The past simple is used because she is describing a succession of short actions.
She gives this sequence of short actions in order to set the scene.


----------



## Never Ever

The rule the OP is referring to says that we use the past continuous to "set the scene" in stories, i.e. describe the background situation at the moment when the action begins. In this case the author is not describing the background situation, she's just describing a succession of short actions. So she's not "setting the scene" per se, at least she's not "setting the scene" as the grammar books interpret scene setting.

Or in other words she's not opting to describe the background situatuon to set the scene, she's setting the scene by listing a series of short actions.
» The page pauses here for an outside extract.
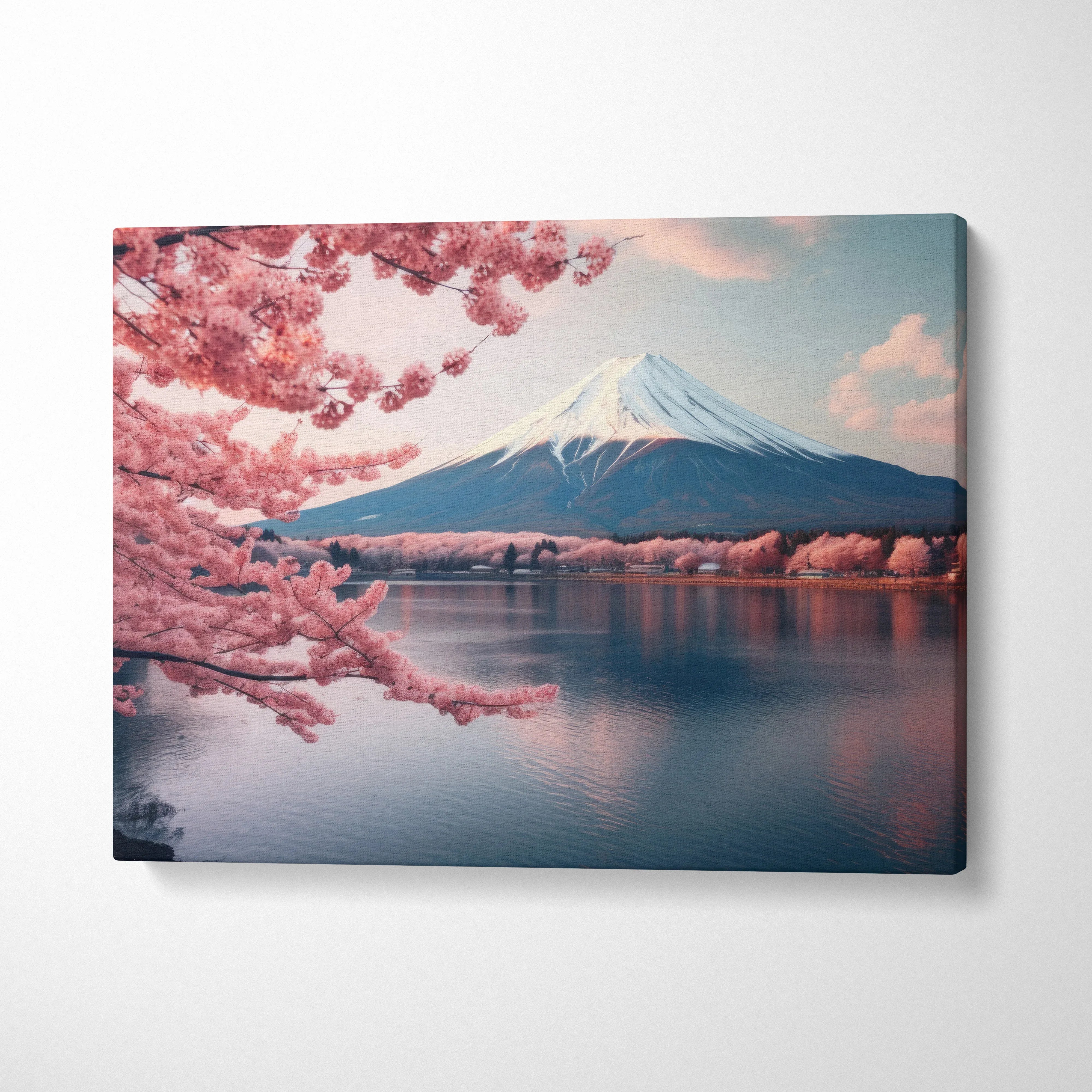 Canvas wall art featuring a serene snow-capped Mount Fuji with pink cherry blossoms framing the calm lake in soft pastel.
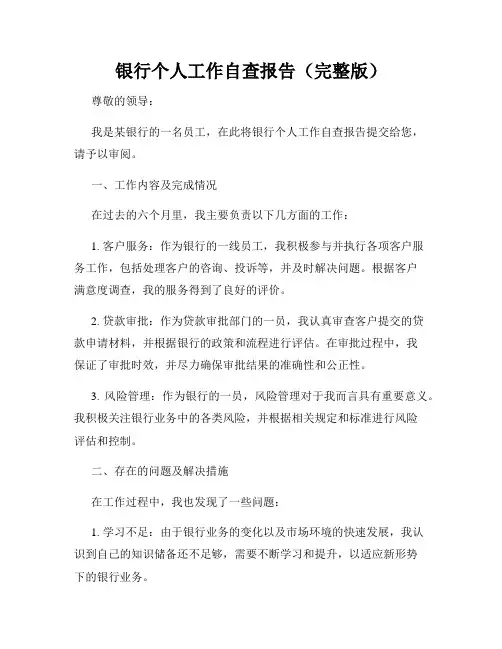 银行个人工作自查报告(完整版)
Hence she's not using the past continuous, she's using the past simple.


----------



## wandle

We are told this is the beginning. If it is the beginning of the book, or the beginning of the chapter, it is certainly setting the scene. It is a recognised technique to take the reader right into the story by giving an action or series of actions in the past simple.

Another way of setting the scene is by using a verb of action in the past continuous (or a verb of state in the past simple - which has the same effect), as in Orwell's 1984:
_It was a bright cold day in April and the clocks were striking thirteen._


----------



## Never Ever

I understand what you're saying. What I'm saying is that grammar books such as the one mentioned earlier by the OP (_Grammarway_ by Jenny Dooley and Virginia Evans) list one of the uses of the past continuous as "setting the scene". What they mean is setting the scene by giving background information.

They don't explain that it is possible to set the scene in many different ways, one of which is by giving background information, another by listing short actions (using the simple past).

So learners get confused when they see the simple past used at the beginning of a chapter or book. They shouldn't be, because what they should have in mind is that we only use the past continuous (state verbs notwithstanding) when we give background information. This is not made clear in the grammar book: the rule goes "when you set the scene, you use the past continuous" whereas what it should say is "when you set the scene by giving background information, you use the past continuous".


----------



## wolfbm1

Elisa Pessoa said:


> That's my perspective. BUT I'm not a native!


Actually in certain context it is possible to say "The sun shone and the birds sang." I found it in Hans Christian Andersen's : The Bell, translated by Jean Hersholt.

"So these three dropped out while the others started off into the woods. The sun shone, the birds sang, and the children sang too, walking along hand in hand. They had not yet received any responsibilities or high position in life - all were equal in the eye of God on that Confirmation Day."

Maybe, instead of saying "Tom and Emily were riding through the forest. The sun was shining and the birds were singing." 
I could say 
"The sun shone and the birds sang while Tom and Emily were riding through the forest."


----------



## wolfbm1

wandle said:


> The reason is that the verbs in red are verbs of state, not action.
> With a verb of state, the simple form of the tense has the meaning of the continuous form.
> Therefore the continuous form of the tense is not normally needed.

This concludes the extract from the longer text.